→ **Task to complete**: Repeat each record exactly, skipping the pictures.

→ **Given records**:
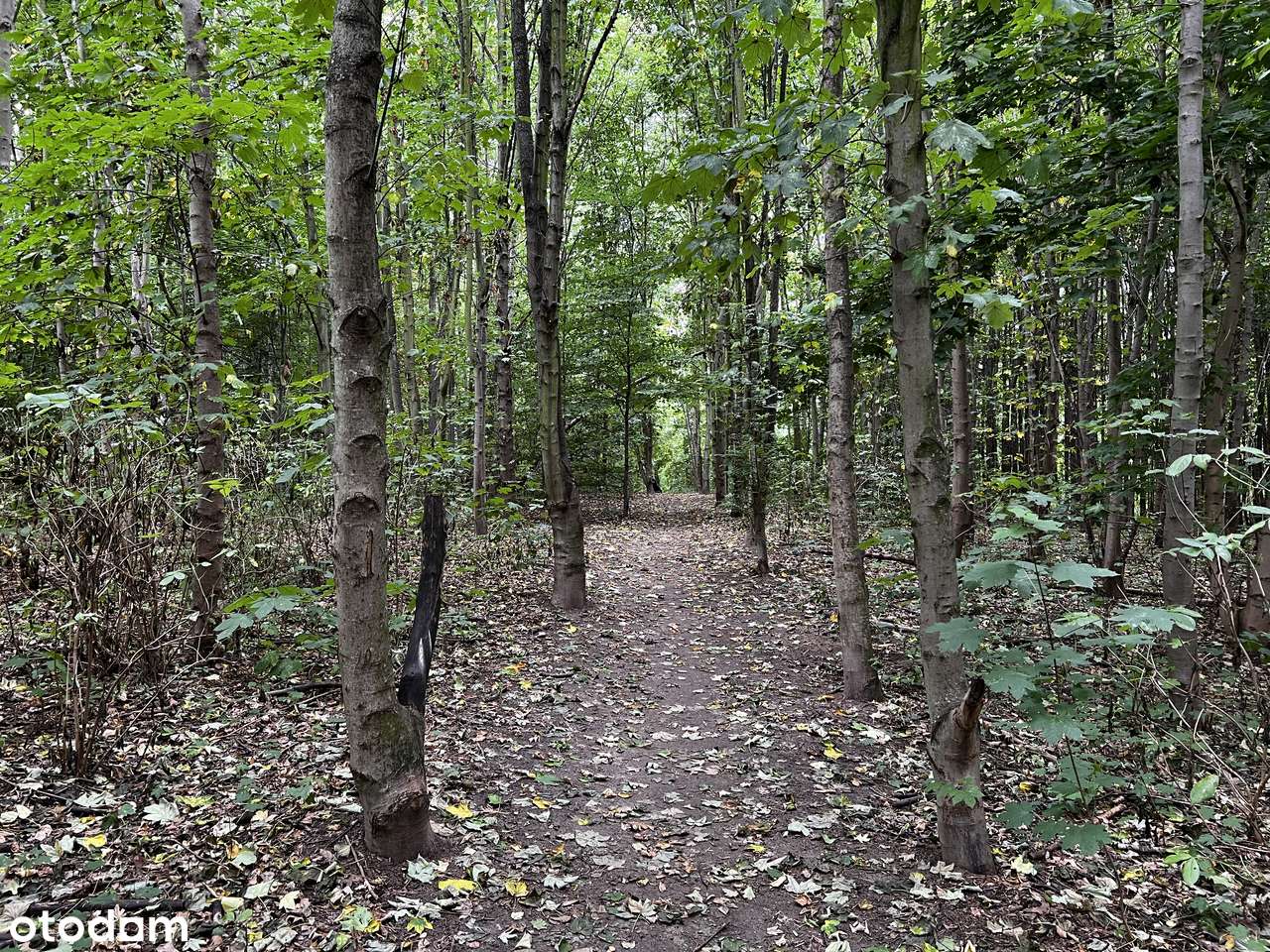 4 pokoje blisko zieleni Koziegłowy - możliwa zamiana na mniejsze-18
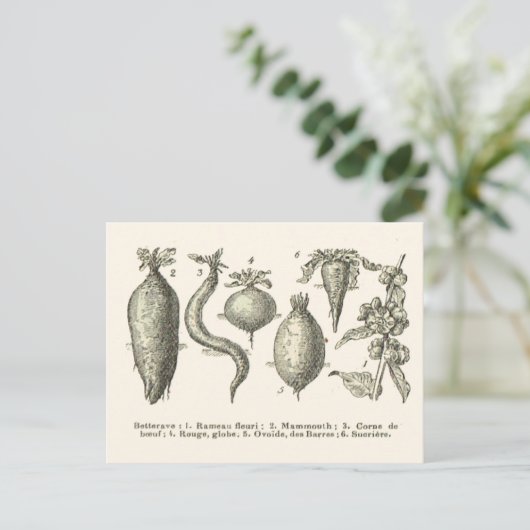 bietentypen briefkaart (Staand voorkant)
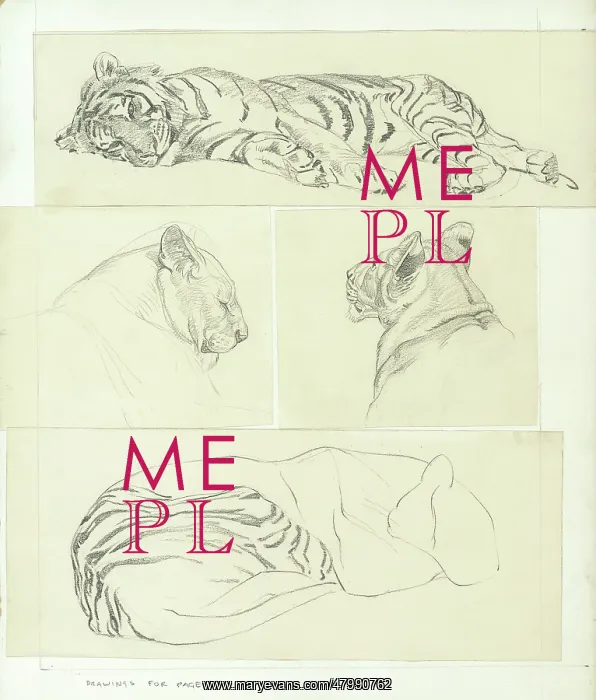  : Tiger Studies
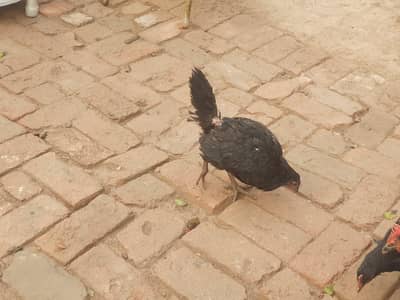 Australorp hen
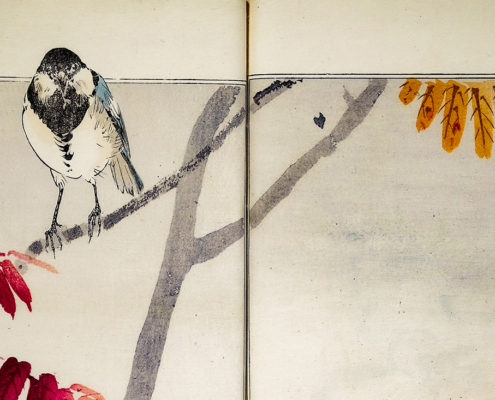 Watanabe Seitei: ​​Picture Album of Birds and Flowers (detail).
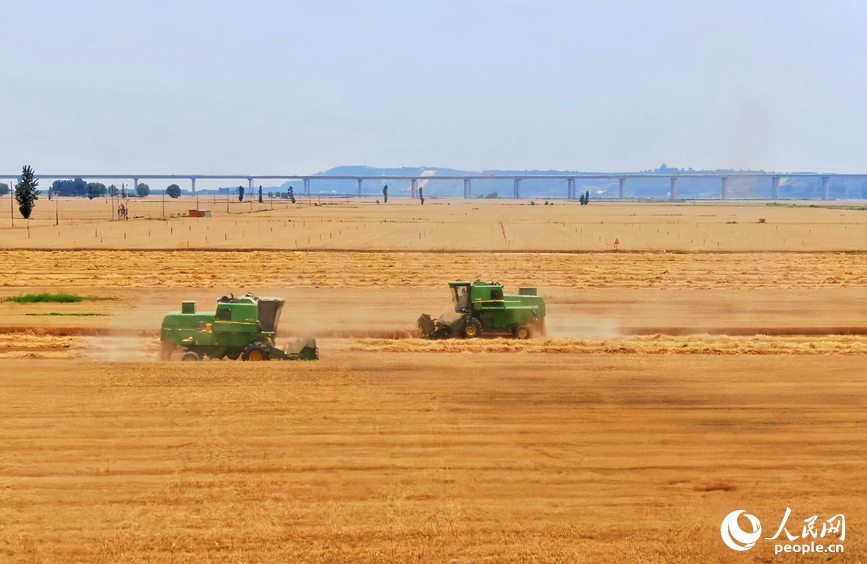 Henan : la récolte du blé au bord du fleuve Jaune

→ **The completed task**:
 4 pokoje blisko zieleni Koziegłowy - możliwa zamiana na mniejsze-18
 bietentypen briefkaart (Staand voorkant)
  : Tiger Studies
 Australorp hen
 Watanabe Seitei: ​​Picture Album of Birds and Flowers (detail).
 Henan : la récolte du blé au bord du fleuve Jaune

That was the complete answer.